Dialogue with Boko Haram amount to “abysmal appeasement.” – Soyinka
Nobel literature laureate Wole Soyinka said Friday that trying to end a deadly insurgency by Islamist extremist group Boko Haram through dialogue would amount to “abysmal appeasement.”
President Goodluck Jonathan earlier this year encouraged the Islamists, blamed for hundreds of deaths since 2009, to publicly state their demands, and his government has confirmed that “back-channel” talks with the group are ongoing.
“When I say, ‘don’t talk to murderers,’ that is exactly what I mean,” Soyinka told foreign media at an international conference in Lagos.
“Don’t talk to mass murderers. Don’t talk to those who have made the killing of innocent people their philosophy,” he added.
Soyinka described the violence blamed on the Islamists, which has included attacks on security forces, government officials and Christians in church, as “completely out of control.”
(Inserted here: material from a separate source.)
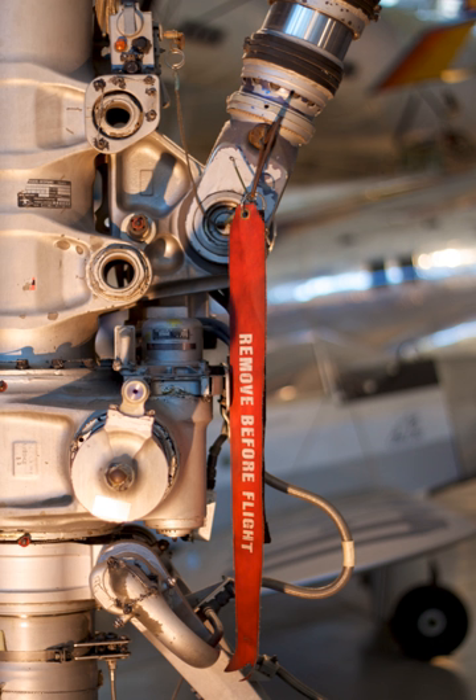A green tag is sometimes used to identify components that must be attached before flight, in a similar way to remove before flight components.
“Then you, the assaulted, say, ‘please, come and talk to us. Please, we don’t know what you want’ … What kind of language is that? That is the language of abysmal appeasement,” he said on the sidelines of the Kuramo Conference on development.
Nigerian security forces have so far been been unable to stamp out the violence and have themselves been accused of massive abuses in combatting the Islamists.
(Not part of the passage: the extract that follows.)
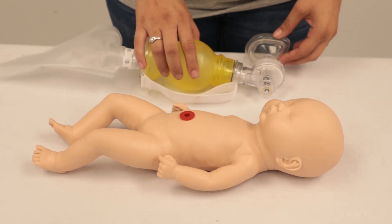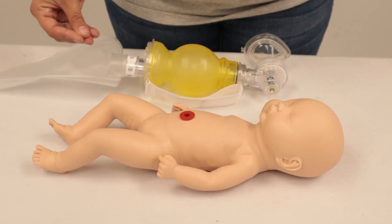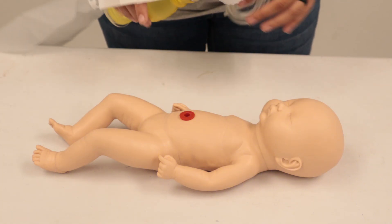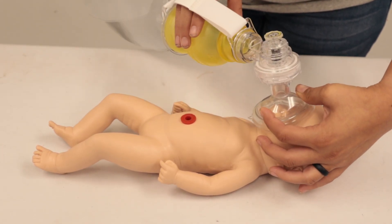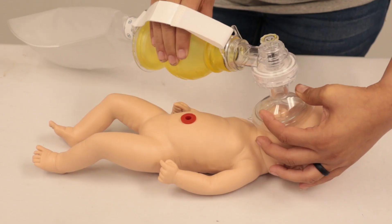If the pulse is less than 100, we're going to begin positive pressure ventilation at a rate of 40 to 60 breaths per minute. Initially, we're going to do it only for 60 seconds. So we're going to take our infant BVM and just start doing it - tiny little CE clamp - and just ventilate the patient, about one every second to second and a half.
Amnesty International has charged the military with carrying out summary executions, particularly in the northeast where Boko Haram is based, and Human Rights Watch has said the military could be guilty of crimes against humanity in combatting the group.
“There has been the condemnable scorched earth policy of the military,” Soyinka said, adding that he believed that such killings had occurred.
Africa’s first Nobel literature prize winner however described the insurgency as a “security issue” that posed a new kind of challenge for Nigeria’s military.
Violence linked to Boko Haram is estimated to have claimed 2,800 lives since 2009, including killings by the security forces, with the worst violence concentrated in the mainly Muslim north of Africa’s most populous country.
The group has said it wants to create an Islamic state in the north, but its demands have continuously shifted.